Alors, enseigner, métier ou profession ? Sans doute métier par bien des aspects humbles et peu exaltants mais ô combien indispensables pour la réussite à terme mais aussi profession par la revendication d’une autonomie des enseignants dans la conception et l’évaluation de leur action. Ce qui permet de souligner que les évolutions de l’enseignement et de ses enjeux dans une société de la connaissance rendent indispensable un questionnement de l’identité professionnelle et de métier des enseignants mais aussi de toute les structures qui coopèrent avec eux pour l’exécution du plus beau métier du monde.

Références des livres :
Antibi, A. (2003). La constante macabre. Toulouse : édition Math'Adore.
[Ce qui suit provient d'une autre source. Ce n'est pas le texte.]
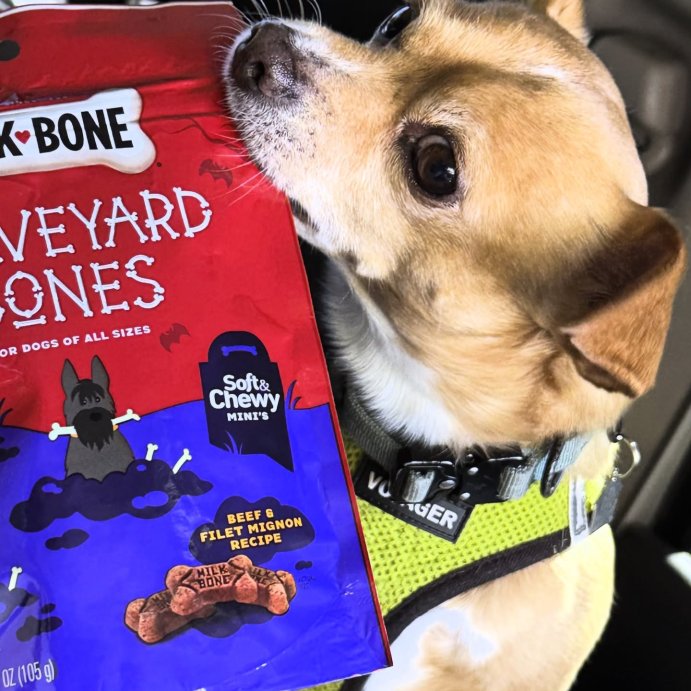 user image by @stefagt, Milk-Bone Graveyard Soft Bones and Chewy Dog Treats with Beef Flavor - 3.7oz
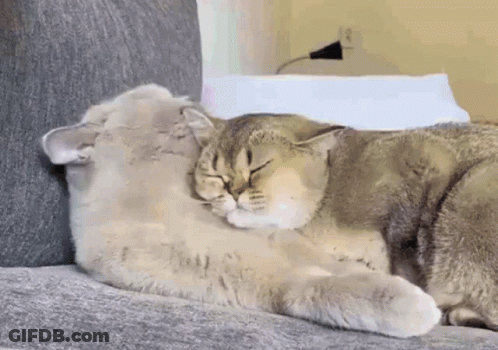 Two Cats Sleeping Head-To-Head On Couch GIF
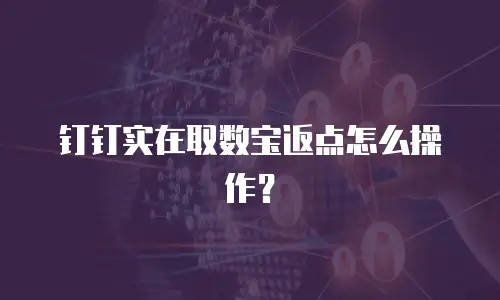 钉钉实在取数宝返点怎么操作？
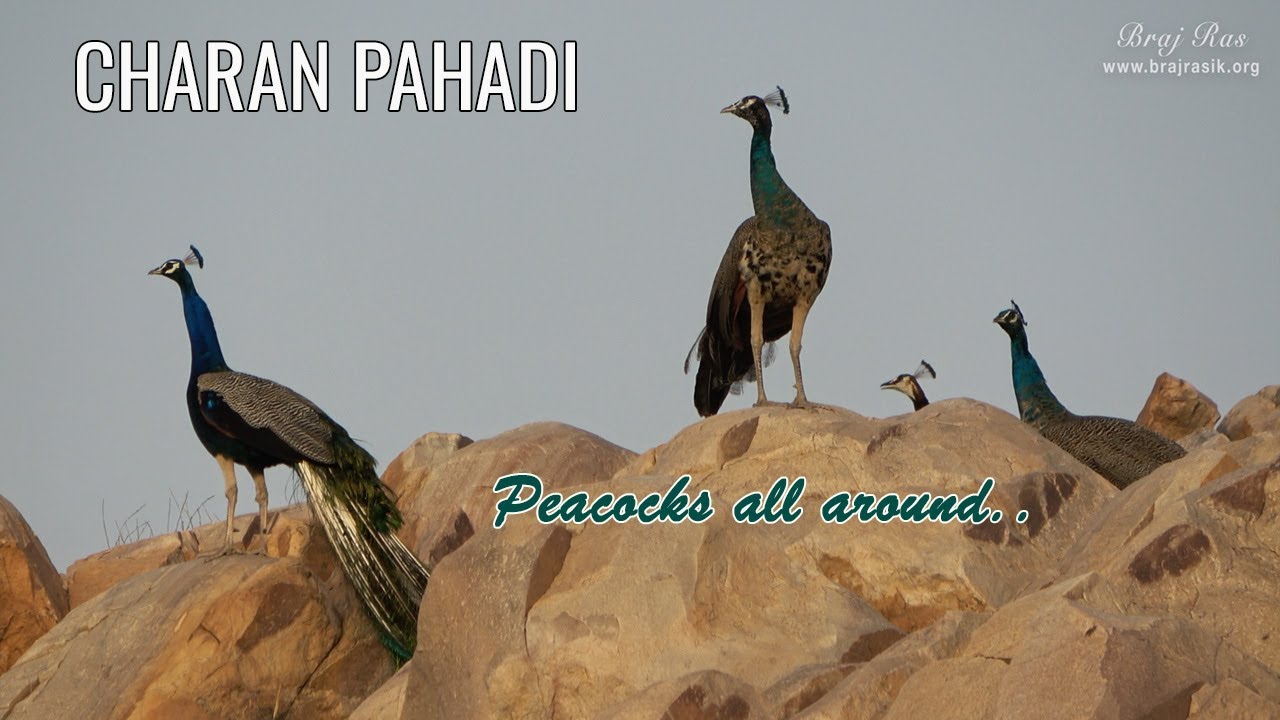 Peacocks Everywhere at Charan Pahadi | Kamavan | Shri Krishna’s Feet Darshan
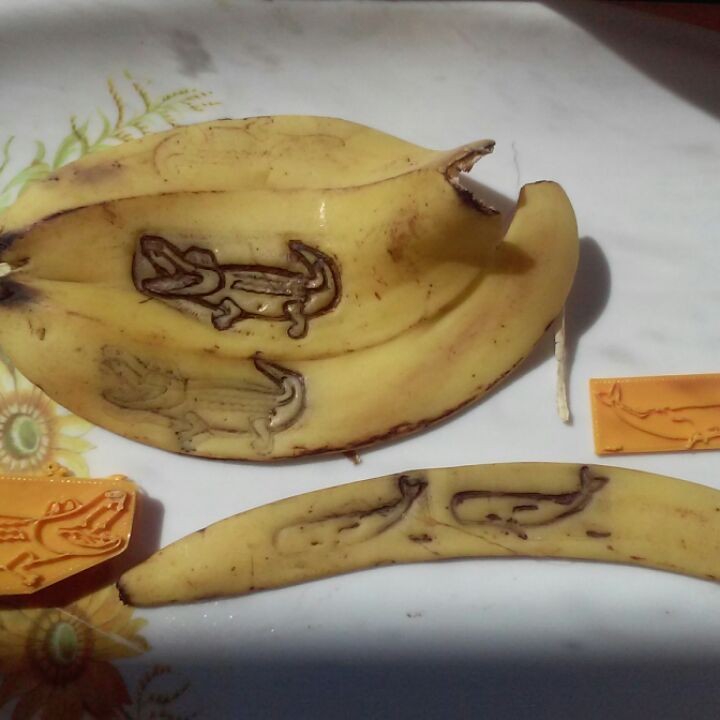 Crocodile Stamp (for banana skin, toast and other uses) image
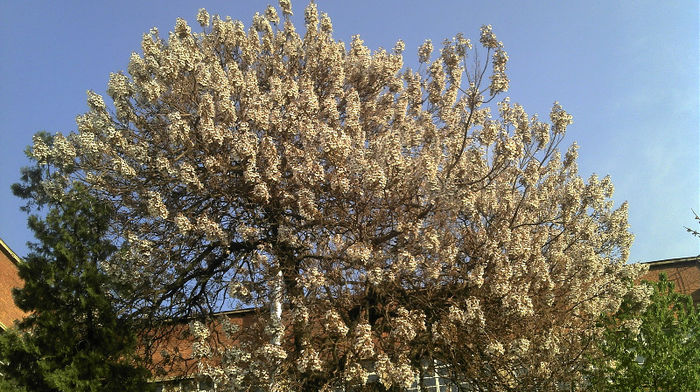 2013-04-23 Paulownia Elongata Bucuresti; Paulownia Elongata flori Bucuresti
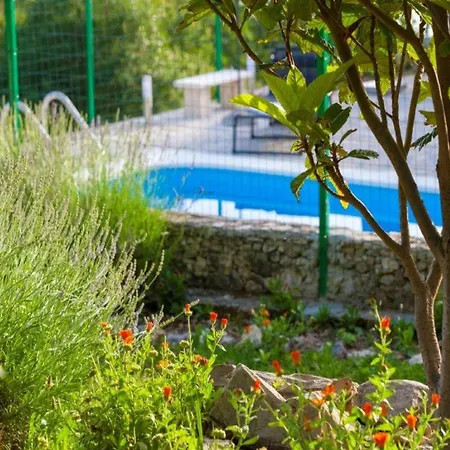 Vila In With Pool Near Seabeach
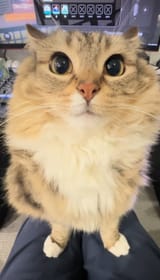 Screenshot_20250714_190912_TikTok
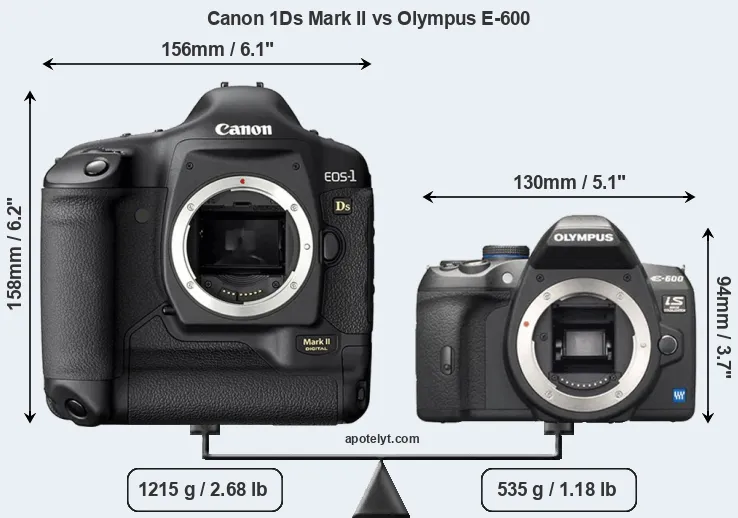 Size Canon 1Ds Mark II vs Olympus E-600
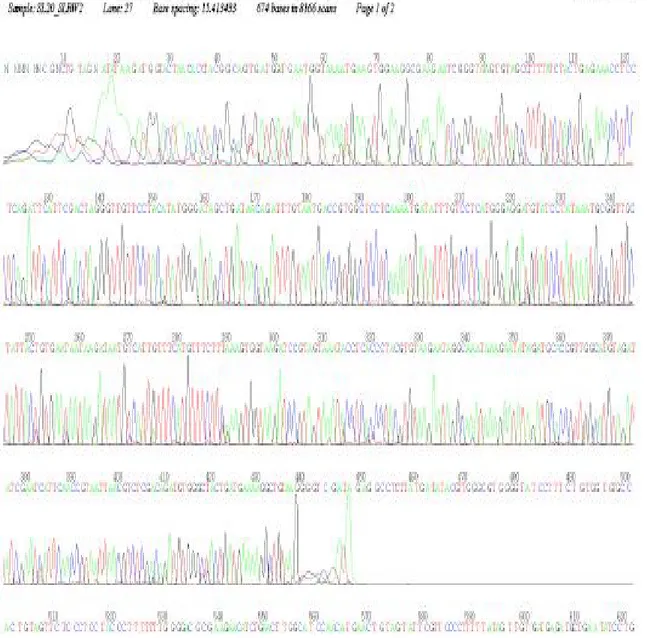 Şekil 4.6. Nannospalax nehringi 5 üsttürünün sitokrom b genini içine alan 473 bç’lik  mtDNA’nın analiz sonucu 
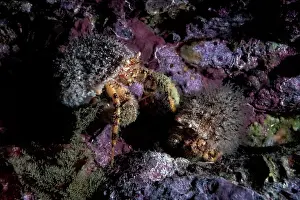 Paguridae Prints: Hermit crab (Pagurus constans) male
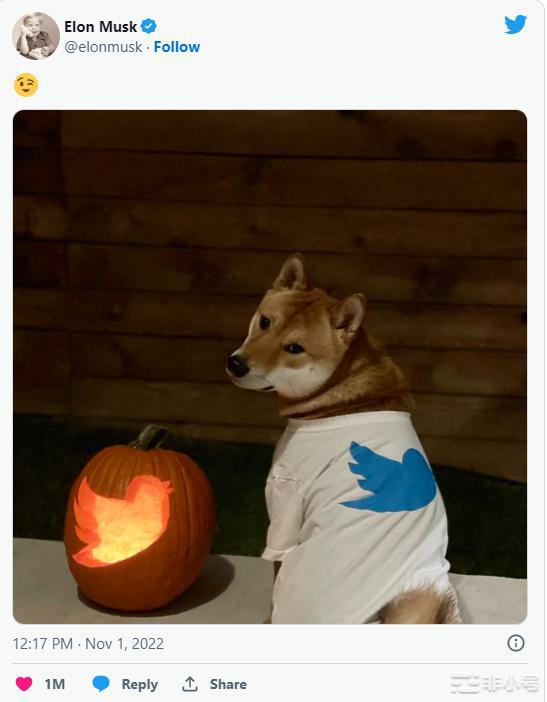 为什么现在做空DOGE是有意义的?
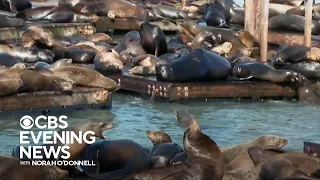 Anchovies behind surge of sea lions in San Francisco
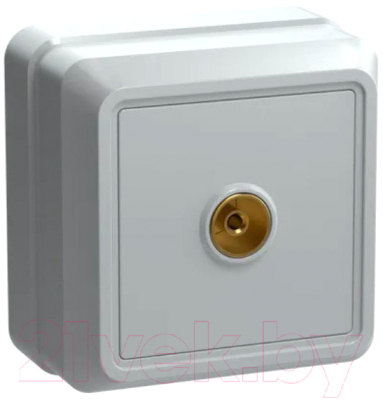 Розетка IEK Октава EAO10-K01-DC - фото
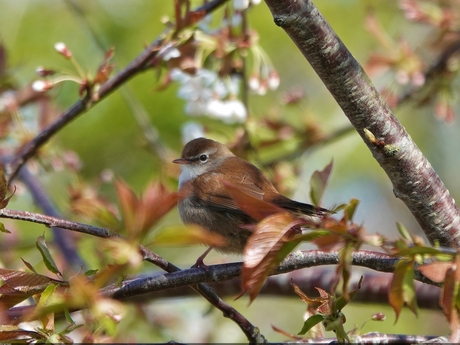 Cetti's zanger (Cettia cetti)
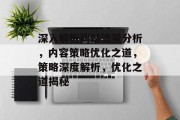 深入解析网站流量分析，内容策略优化之道，策略深度解析，优化之道揭秘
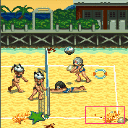    (Hawaiian Beach Volley)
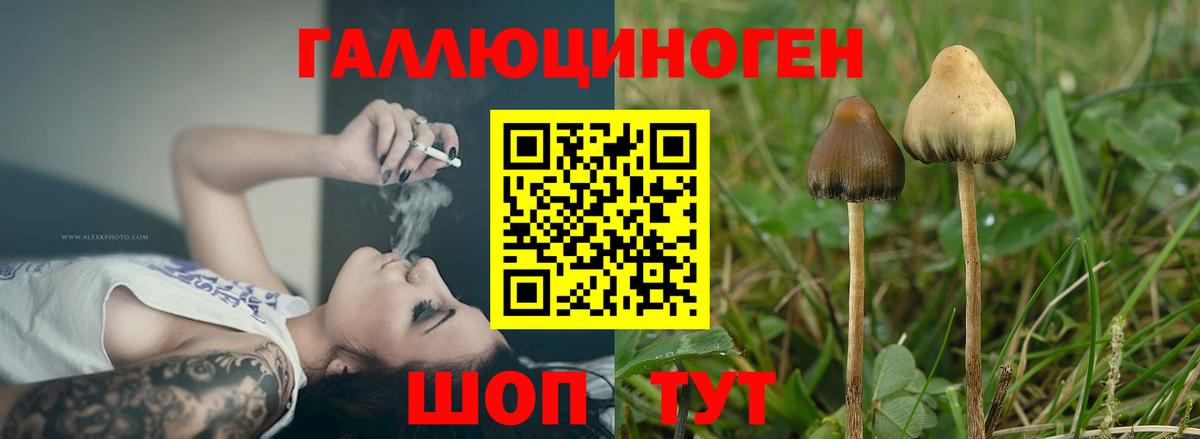 Псилоцибиновые грибы ЛСД  Галлюциногенные грибы Magic Shrooms  Медногорск 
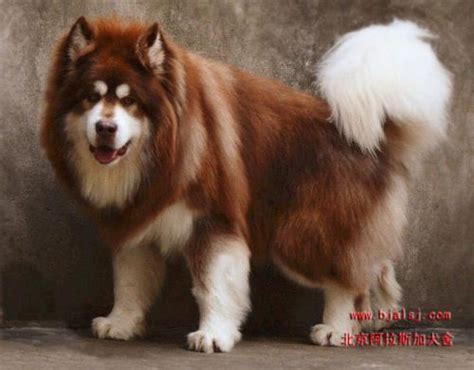 阿拉斯加犬狗活体出售阿拉斯加犬幼犬纯种活物大型雪橇犬宠物巨型-阿里巴巴
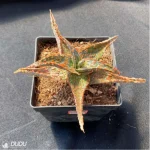 Aloe Flamingo - Image 3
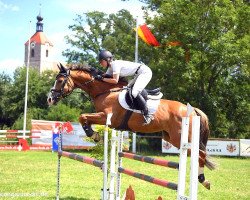 Springpferd Sandolino (Deutsches Sportpferd, 2008, von Salute xx)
Blanchard-Laville, C. (2001). Les enseignants entre plaisir et souffrance. Paris : PUF.
Bucheton, D. (2009, dir.). L’agir enseignant : des gestes professionnels ajustés. Toulouse : Octarès.
Clot, Y. (2010). Le travail à cœur. Pour en finir avec les risques psychosociaux. Paris : La Découverte, coll. « Cahiers libres ».
Jorro, A. (2002). Professionnaliser le métier d’enseignant. Paris : ESF.
Perrenoud, Ph. (2001). Développer la pratique réflexive dans le métier d’enseignant. Paris : ESF.